Mais vous n’avez plus 30 ans…
Oui, j’en suis très conscient. Il y a ce poids-là. Jusqu’à présent, j’ai des difficultés avec mes jambes. Je suis handicapé sous ce rapport. J’ai été traité à Paris durant presque huit (8) mois avec d’ailleurs une attaque nosocomiale qui a failli m’emporter. C’est un miracle que je puisse encore vous parler comme cela. Il y a des témoins, qui sont passés me voir à l’hôpital. Mon silence est aussi lié à cela. J’en ai profité pour avaler des ouvrages énormes sur la marche du monde (...).

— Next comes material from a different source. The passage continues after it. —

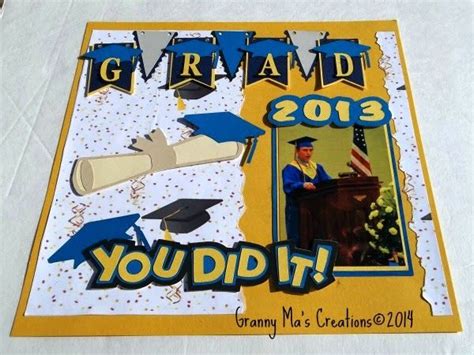 Senior Scrapbook Ideas School Scrapbook Layouts Graduation Scrapbook Christmas Scrapbook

Avant de parler du monde, dites-nous d’abord quel regard jetez-vous sur le Sénégal, la marche du pays depuis la chute de Wade ?
Je crois que malgré tout ce qui s’est passé, malgré les difficultés et peut-être aussi les erreurs qui ont été faites, l’alternance sous le leadership du Président Macky Sall me semble tout à fait justifiée. Nous avons eu de la chance que Macky Sall était là et que tous, malgré des divergences de fond, nous avons pu nous donner la main pour mettre un terme à une gouvernance qui était devenue folle sous bien des rapports. Je dis bien ‘’folle’’ à bien des égards ; Abdoulaye Wade avait pris un chemin qui était aux antipodes du programme de la Coalition alternative 2000.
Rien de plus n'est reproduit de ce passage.